Die Blauflügelige Ödlandschrecke ist das Tier des Jahres 2023
Sie ist perfekt an die Farbe ihres Untergrundes angepasst: Die Blauflügelige Ödlandschrecke ist selbst auf kurze Distanz kaum zu entdecken. Das ändert sich abrupt, wenn man dem Tier zu nahe tritt. Dann wirft sich das rund 2 cm grosse Insekt in die Luft, entfaltet seine blau-schwarzen Flügel und schwirrt davon. Doch kaum leuchtet das überraschende Farbenspiel auf, ist es auch schon wieder vorbei. Das Tier landet und wird von der Landschaft buchstäblich verschluckt.
Warum wählt Pro Natura die Blauflügelige Ödlandschrecke zum Tier des Jahres?

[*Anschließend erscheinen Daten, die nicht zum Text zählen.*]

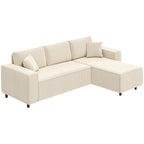 Corner Sofa with Reversible Chaise Lounge, Corduroy L-Shaped Sectional Sofa with Pocket Spring, Cream White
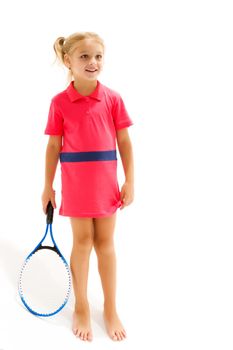 Happy playful girl smiling on the tennis court with a racket. Little girl with a tennis racket in a sports club. Active exercises for children. Training for a small child. The child learns to play. Isolated on white background.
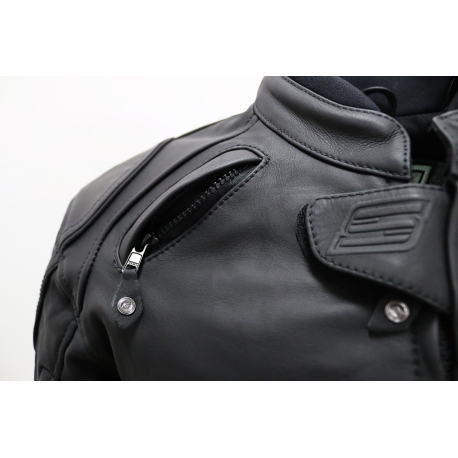 Pánska kožená moto bunda Spark Motostar Black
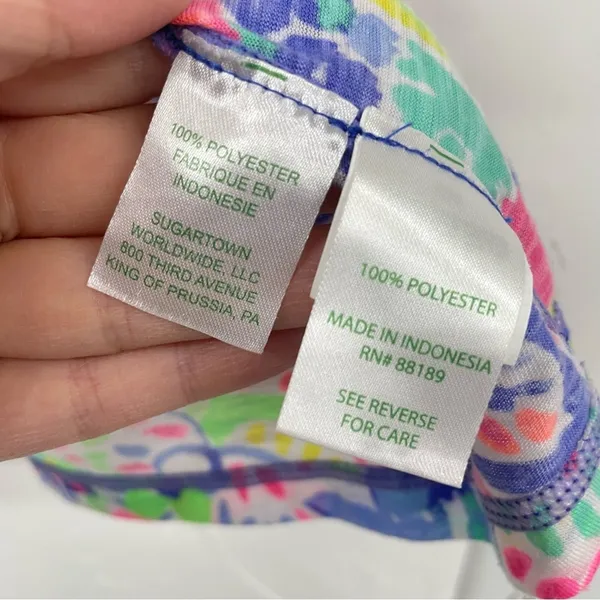 Lilly Pulitzer Multi Color Sleeveless Blouse Womens XS Bright Beachy Tropical - Image 7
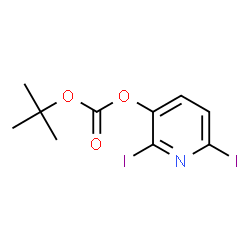 ChemSpider 2D Image | tert-Butyl 2,6-diiodopyridin-3-yl carbonate | C10H11I2NO3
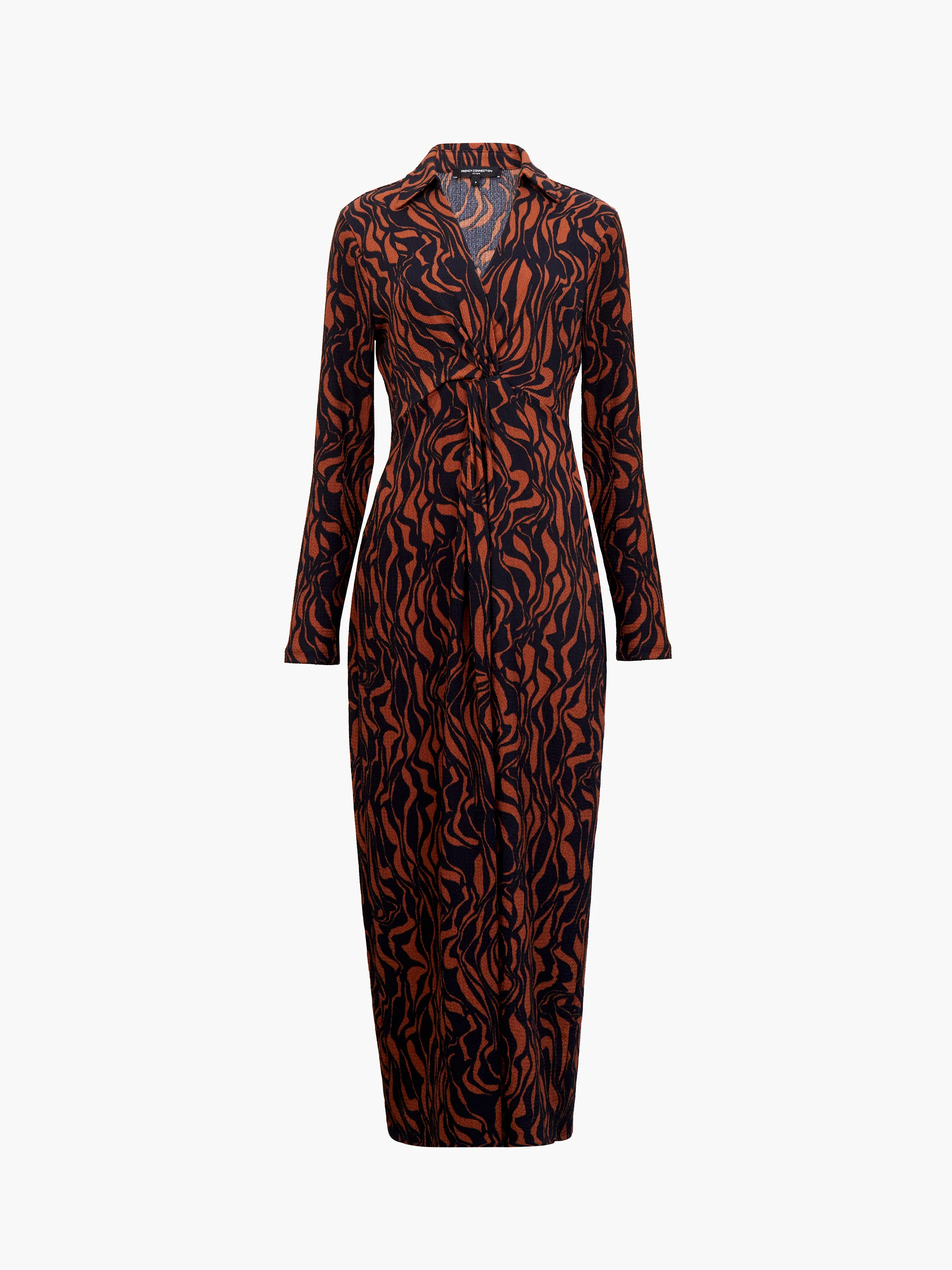 Zaria Textured Abstract Print Long Sleeve Dress - Image 7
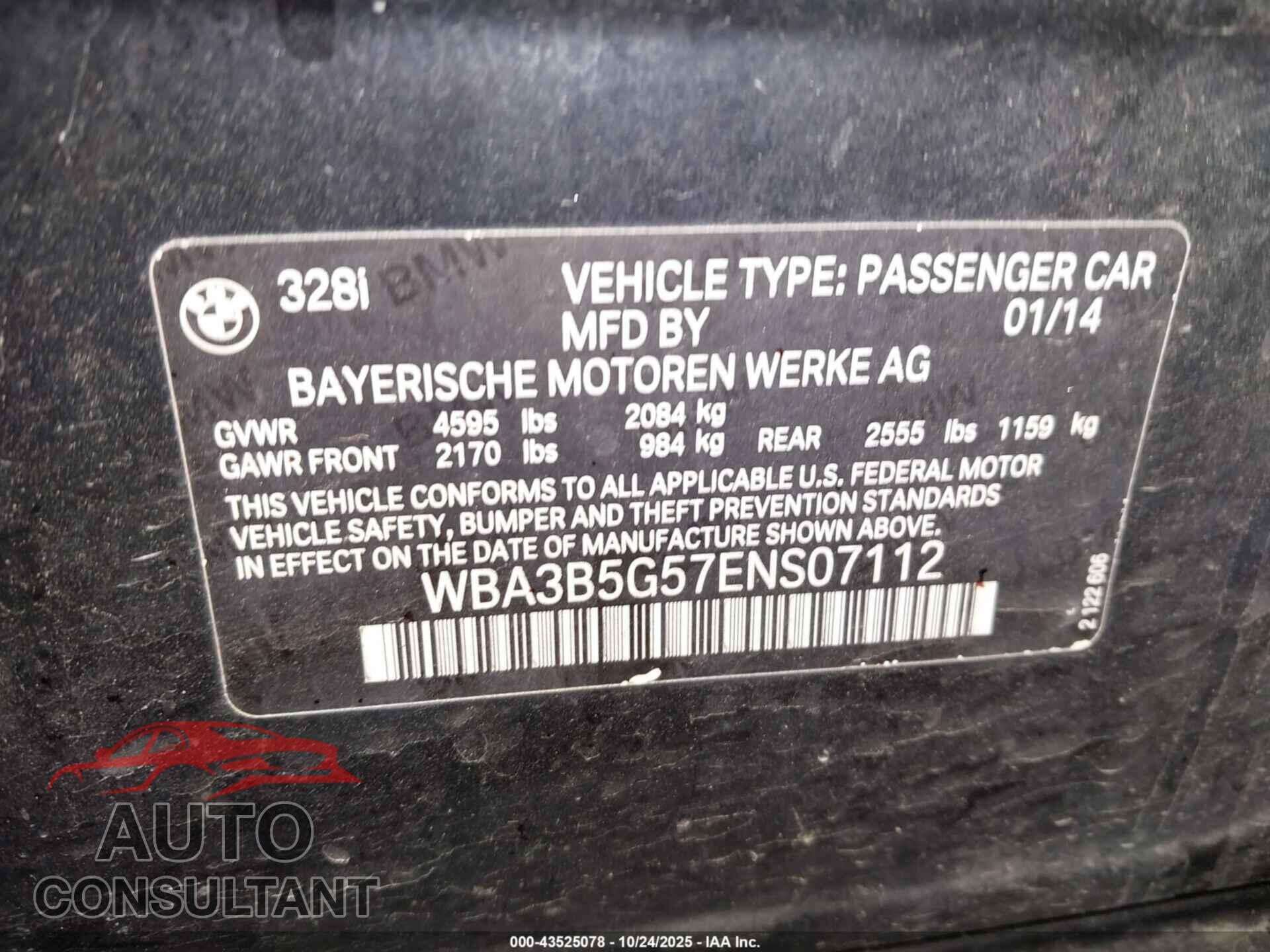BMW 328I 2014 - WBA3B5G57ENS07112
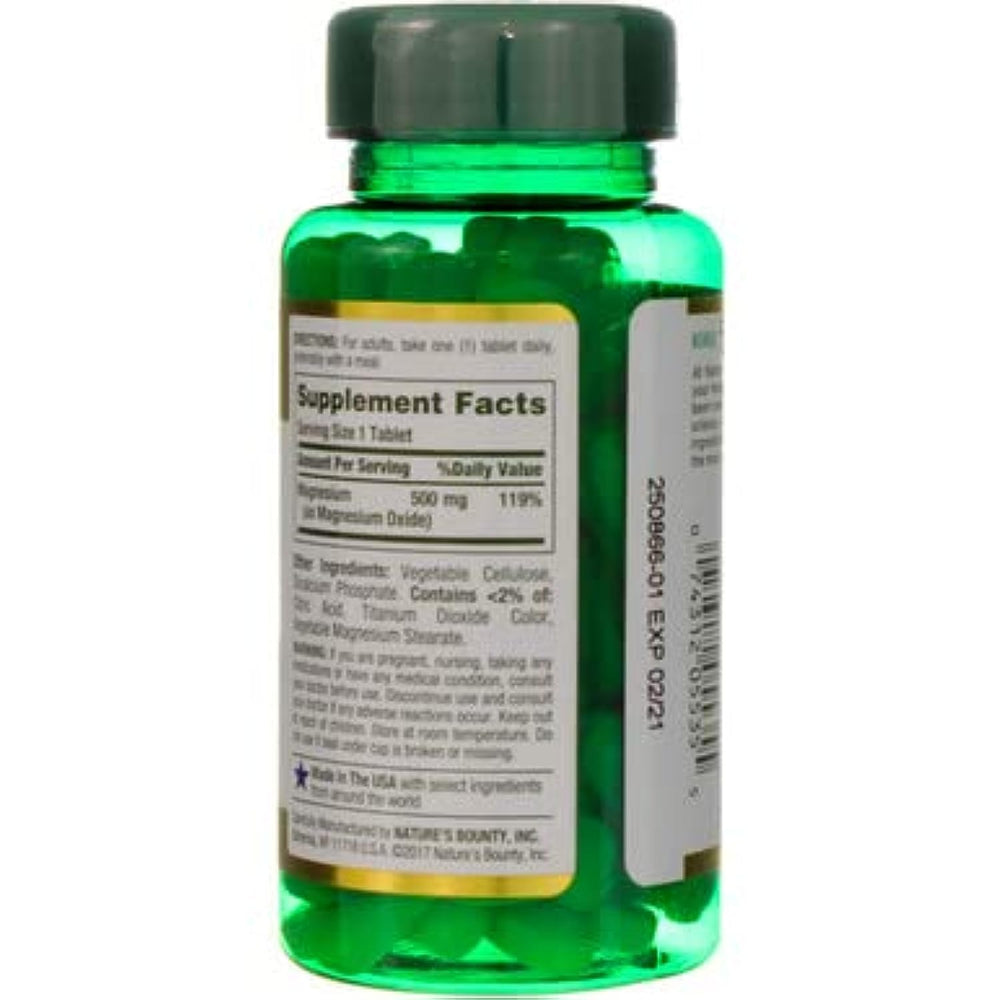 Nature's Bounty magnesium product on clean kitchen counter, easy-to-integrate routine.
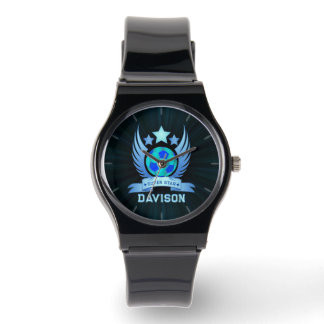 Neonblauer Fußball | Coole individuelle Geschenke  Armbanduhr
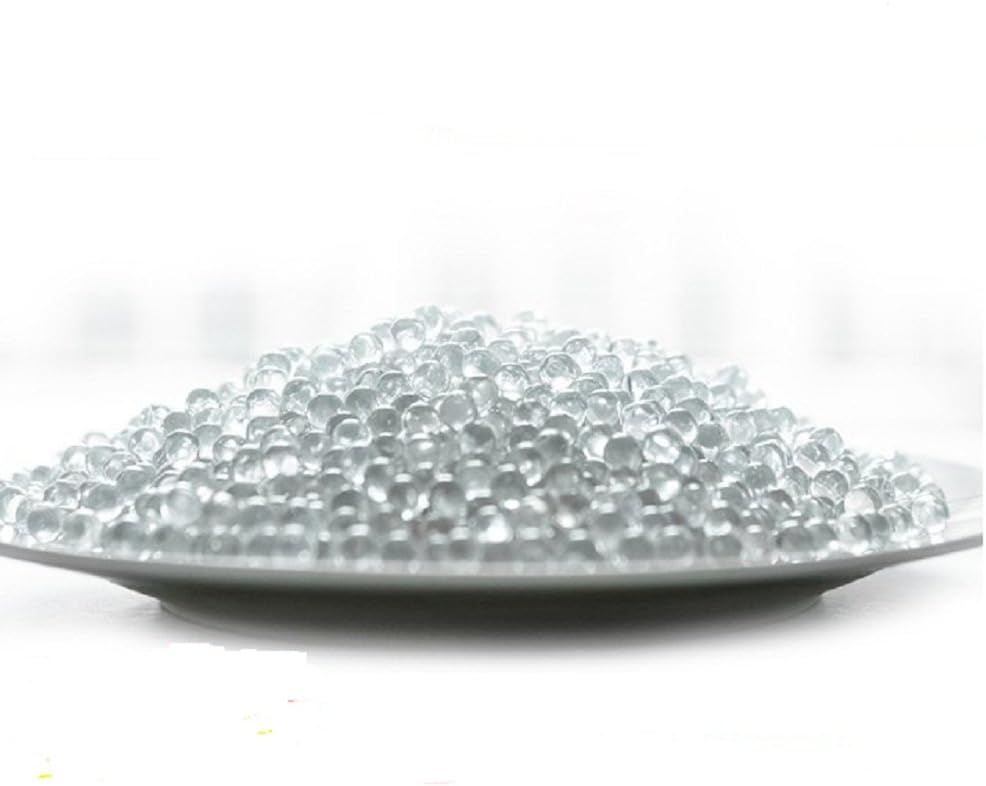 EDUPET Wuxptrn Solid Round Clear Glass Boiling Stones, 6mm Dia, (Aprox 1000 Beads/10 oz)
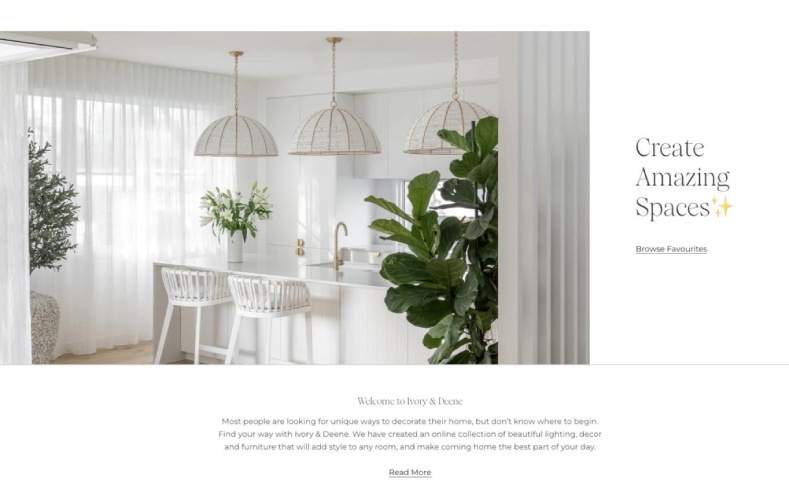 Website from an interior design business with short but impactful web copies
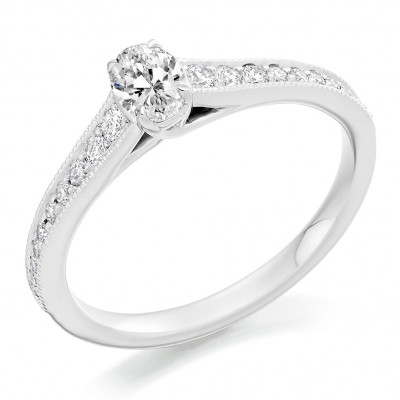 Oval Cut Solitaire with Diamond Set Shoulders Engagement Ring Metal Image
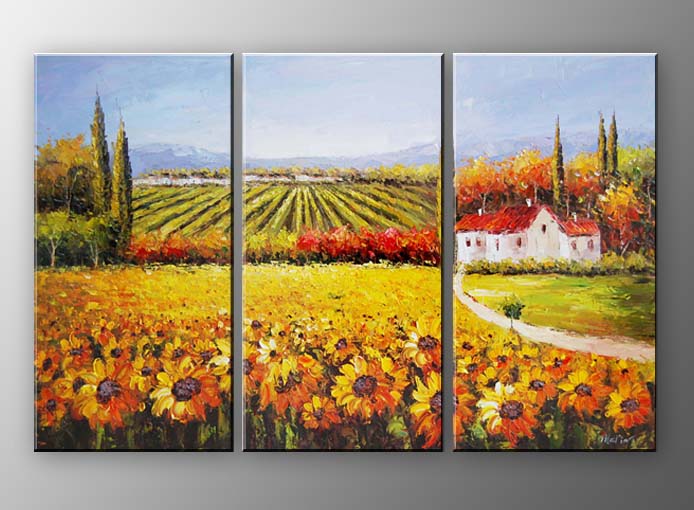 A13 - 60" FRAMED ABSTRACT MODERN Landscape ART OIL PAINTING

Das Tier des Jahres 2023 bewohnt trocken-warme Gebiete mit spärlicher Vegetation. Viele natürliche Lebensräume der Blauflügeligen Ödlandschrecke sind in den letzten 100 Jahren zerstört worden. Kiesgruben, Bahnareale oder anderes «Ödland» bieten der Insektenart willkommene Ersatzbiotope. Doch diese sind vergängliche Naturparadiese. Sie brauchen gezielte Pflege, um für die blauen Fliegerinnen bewohnbar zu bleiben. Umso wichtiger ist es, die ursprünglichen Lebensräume der Blauflügeligen Ödlandschrecke zu schützen und wiederherzustellen: Auenlandschaften und trockene, karge Wiesen und Weiden.
Ein Sommerleben
Über den Winter sterben alle erwachsenen Blauflügeligen Ödlandschrecken. Das Überleben der Art beruht auf den im Boden schlummernden Eiern des letzten Sommers. Ab Ende April schlüpfen die Nymphen (Larven). Bei jeder Häutung passt sich das Tier farblich noch besser an den Untergrund an, auf dem es lebt. Nach vier (Männchen) oder fünf (Weibchen) Häutungen verpaart sich die neue Generation. Die Weibchen legen ihre rund 120 Eier kurz nach der Paarung in die Erde. Die erwachsenen Tiere sterben mit den ersten Frösten. Der Zyklus beginnt erneut.
Karg, aber nicht kahl
Das Tier des Jahres mag es heiss, aber nicht zu heiss. Wichtig für die Blauflügelige Ödlandschrecke ist eine lockere Krautschicht. Sie schützt die wechselwarmen Tiere vor übermässiger Erwärmung. Die im Boden abgelegten Eier sind ausserdem weniger der Gefahr ausgesetzt, dass sie austrocknen könnten. Auch der Tisch ist gedeckt: Gräser und Kräuter stehen auf dem Speiseplan der blauen Fliegerinnen. Gelegentlich wird auch Aas nicht verschmäht.
Fliegendes Juwel
Bei der Beobachtung in der Natur machen die kräftig blau gefärbten Flügel mit den schwarzen Querbinden das Tier des Jahres 2023 unverwechselbar. Es gibt zwar eine Verwandte, die ebenfalls karge Lebensräume bevorzugt und blau trägt. Es ist die Blauflügelige Sandschrecke (Sphingonotus caerulans). Ihr Blau ist aber sehr blass und die kräftige schwarze Querbinde fehlt ganz.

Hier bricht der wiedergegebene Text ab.